Etika Berdigital Menjadi Karakter Pribadi Seseorang yang Dinilai di Masyarakat

  • Bagikan
banner 468x60


EKSEKUTIF.COM, JAKARTA,- Era telah berubah, apalagi semenjak pandemi Covid-19 setiap orang seperti dipaksa untuk beradaptasi dan bertransformasi lebih cepat terhadap penggunaan teknologi. Meski demikian, nilai dasar sebagai manusia dalam etika sopan santun tetap tidak boleh dilupakan meskipun kini interaksi lebih banyak dilakukan di ruang digital atau online.

Sekarang ini aplikasi untuk berinteraksi secara online tak terhitung jumlahnya lagi, ratusan bahkan ribuan. Tapi ada lima platform teratas yang kini begitu akrab di masyarakat Indonesia, yaitu YouTube, What’sApp, Instagram, Facebook, dan Twitter. Menurut sumber katadata.co.id, jumlah pengguna Instagram di Indonesia hingga Juli 2021 sebesar 91,77 akun.

Firza Daud, Business Project Lead V&V Communication mengatakan, dengan pertumbuhan pengguna sosial media, khususnya Instagram membawa fenomena yang lumayan serius. “Indonesia dinobatkan sebagai netizen yang memiliki tingkat keberadaban (civility) yang sangat rendah. Survei ini dibuat oleh Microsoft pada kuartal 4 tahun 2020 dan dipublish awal 2021,” Katanya saat webinar Literasi Digital wilayah Kabupaten Sumedang, Jawa Barat I, pada Jumat (22/10/2021).

Dia pun memberikan tips agar masyarakat Indonesia bisa tetap memiliki etika sopan santun di dunia digital. Pertama yakni selalu positif dalam menanggapi segala hal, dengan belajar untuk sabar dan tidak mudah terpancing. Kemudian tetap sopan, karena hal itu menunjukkan seseorang yang berkarakter. Dalam hal berkomentar bijaklah saat membalas unggahan orang lain maupun saat menanggapi sesuatu. Terakhir yaitu berbaik sangka sebab setiap orang bisa memiliki masalah dan butuh penyaluran.

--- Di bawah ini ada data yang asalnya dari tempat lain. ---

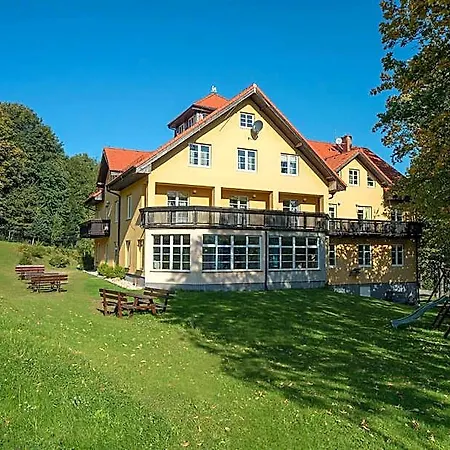 Belweder - Przy Golebiewski Hotel Karpacz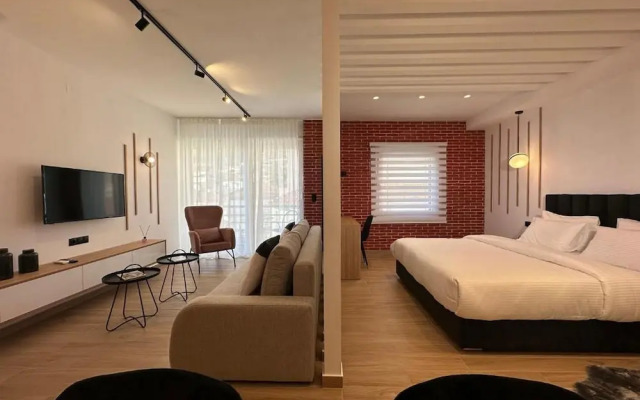 Centro Urban Suites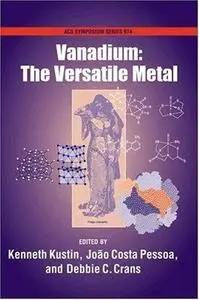 Vanadium: The Versatile Metal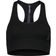 Mons Royale Stratos Merino Sports Bra - Black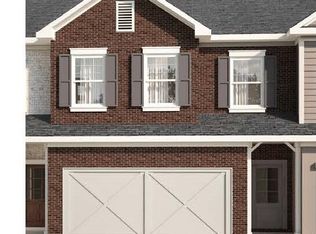 970 Elwood St, Dacula, GA 30019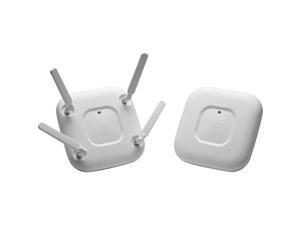 Cisco 2 x Aironet 2700 + 2504 Wireless Controller + 25 access point licenses Cisco 2 x Aironet 2700 + 2504 Wireless Controller + 25 access point licenses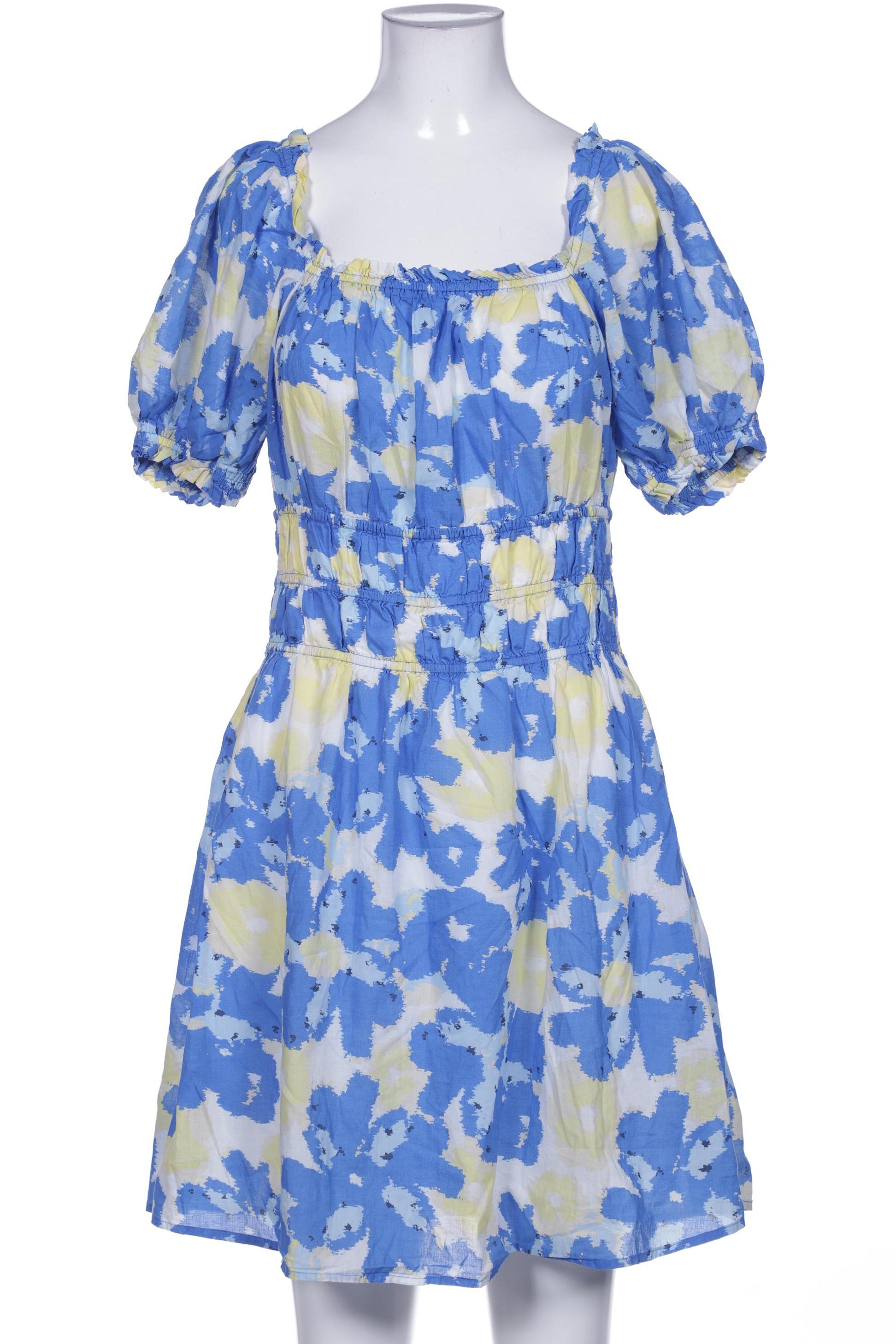 

Marc O Polo Damen Kleid, blau, Gr. 34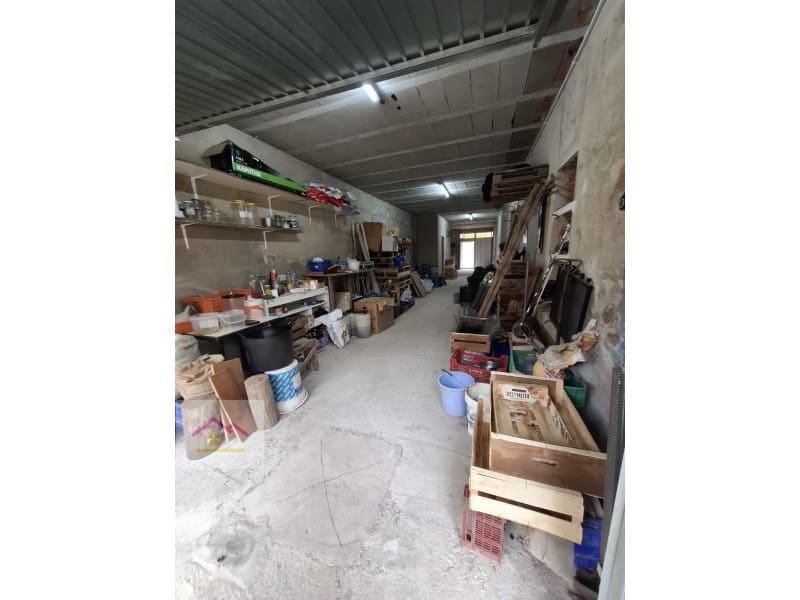 4 sovrum Hus till salu i Alcala de Xivert - 55 000 € (Ref: 9855320)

Webinar Literasi Digital di Kabupaten Sumedang, Jawa Barat I, merupakan bagian dari sosialisasi Gerakan Nasional Literasi Digital 2021 yang diselenggarakan oleh Kementerian Komunikasi dan Informatika. Hadir pula nara sumber seperti Wuddan, Kepala Bidang UMKM Dinas Koperasi UKM Persagangan dan Perindustrian, Maria Natasya, Internal Communication Strategic Planner CIMB Niaga, Martha Mariska, Digital Banking Legal Counsel DBS Indonesia, dan Riri Damayanti, Digital Creator & Yoga Enthusiast.

Kegiatan ini merupakan bagian dari program Literasi Digital di 34 Provinsi dan 514 Kabupaten dengan 4 pilar utama. Di antaranya Budaya Bermedia Digital (Digital Culture), Aman Bermedia (Digital Safety), Etis Bermedia Digital (Digital Ethics), dan Cakap Bermedia Digital (Digital Skills) untuk membuat masyarakat Indonesia semakin cakap digital.